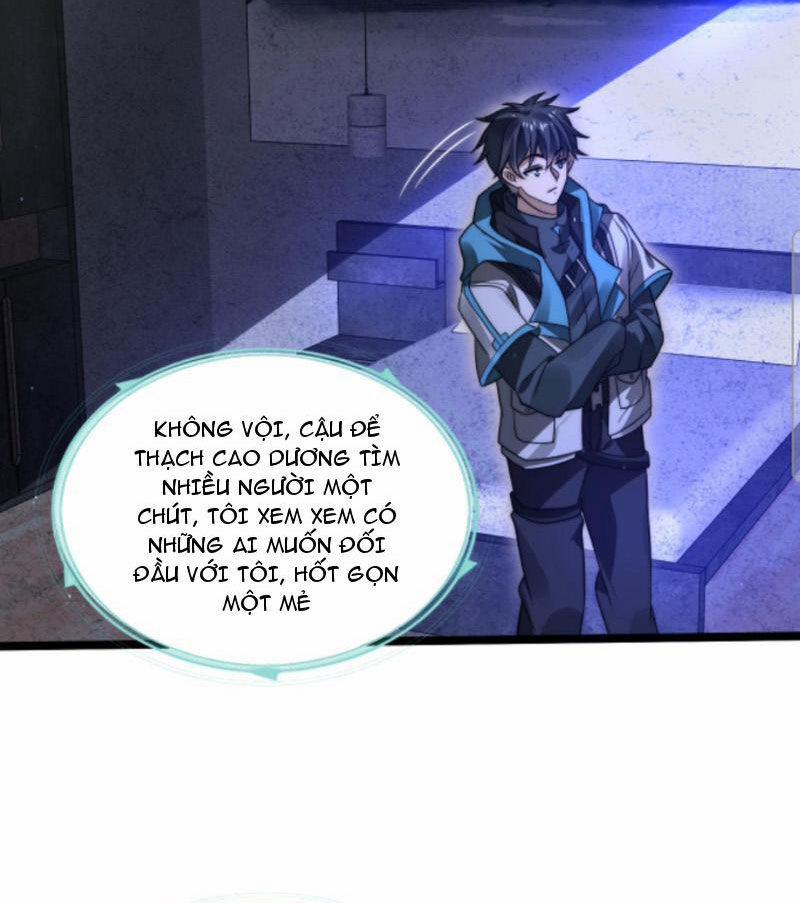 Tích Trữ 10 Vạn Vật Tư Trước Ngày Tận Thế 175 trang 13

--

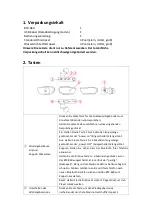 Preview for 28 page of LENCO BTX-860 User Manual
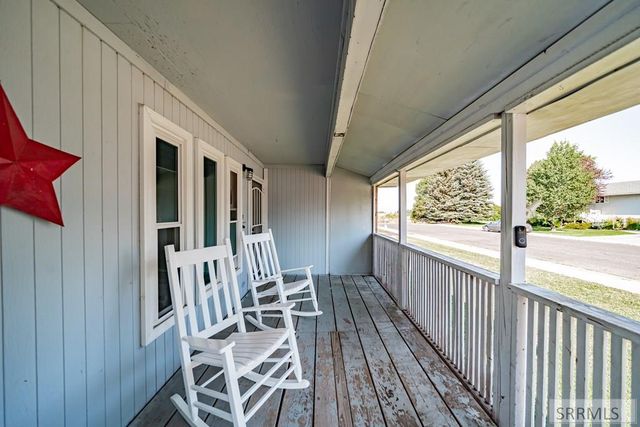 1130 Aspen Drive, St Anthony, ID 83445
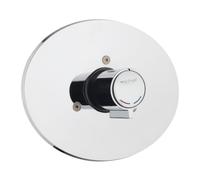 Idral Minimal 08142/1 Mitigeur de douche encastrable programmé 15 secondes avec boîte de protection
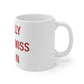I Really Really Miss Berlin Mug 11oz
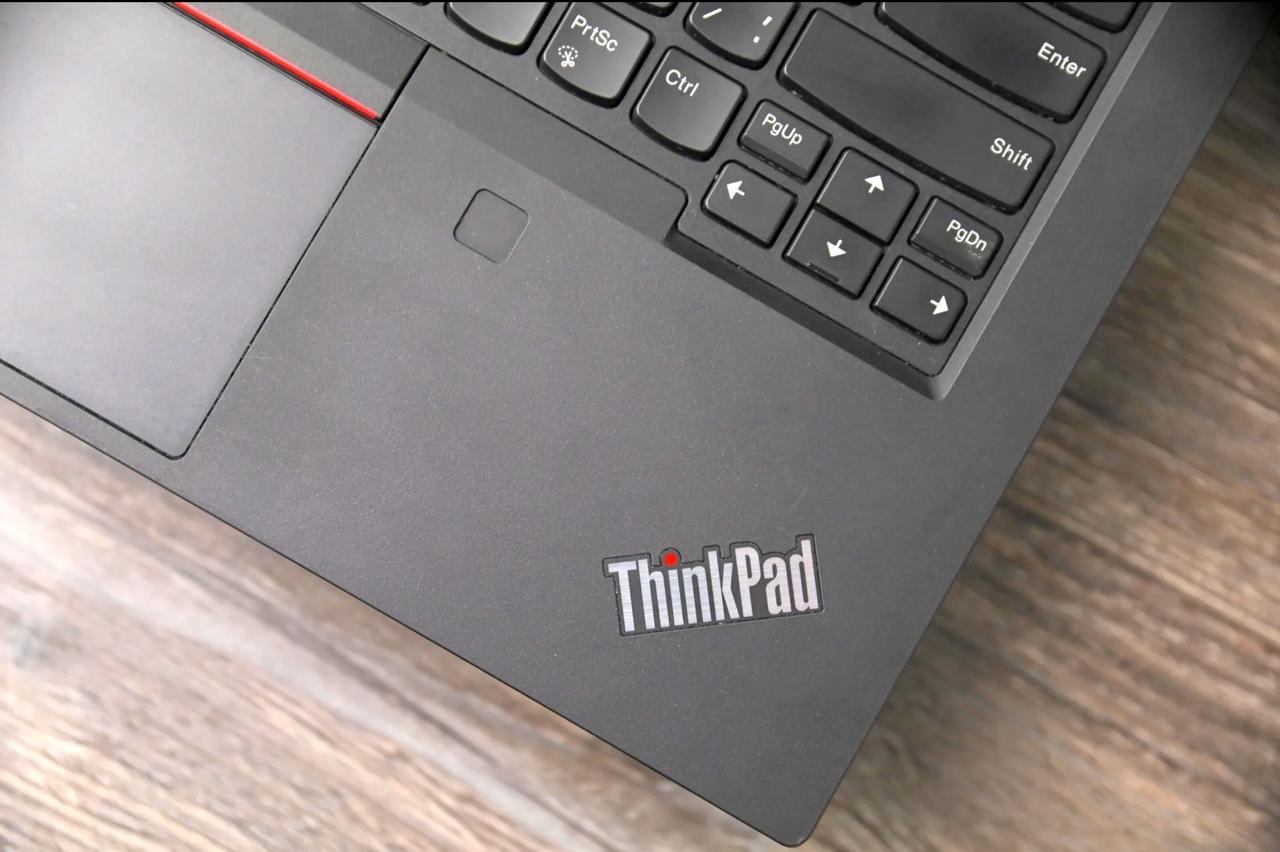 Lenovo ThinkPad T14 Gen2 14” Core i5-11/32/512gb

> **Exercise aim**:
What is needed is an exact copy of the lines above, from the one holding "Idral Minimal 08142/1" down to the one holding "Lenovo ThinkPad T14", with those two included and the pictures left out.

> **Answer to this exercise**:
 Idral Minimal 08142/1 Mitigeur de douche encastrable programmé 15 secondes avec boîte de protection
I Really Really Miss Berlin Mug 11oz
 Lenovo ThinkPad T14 Gen2 14” Core i5-11/32/512gb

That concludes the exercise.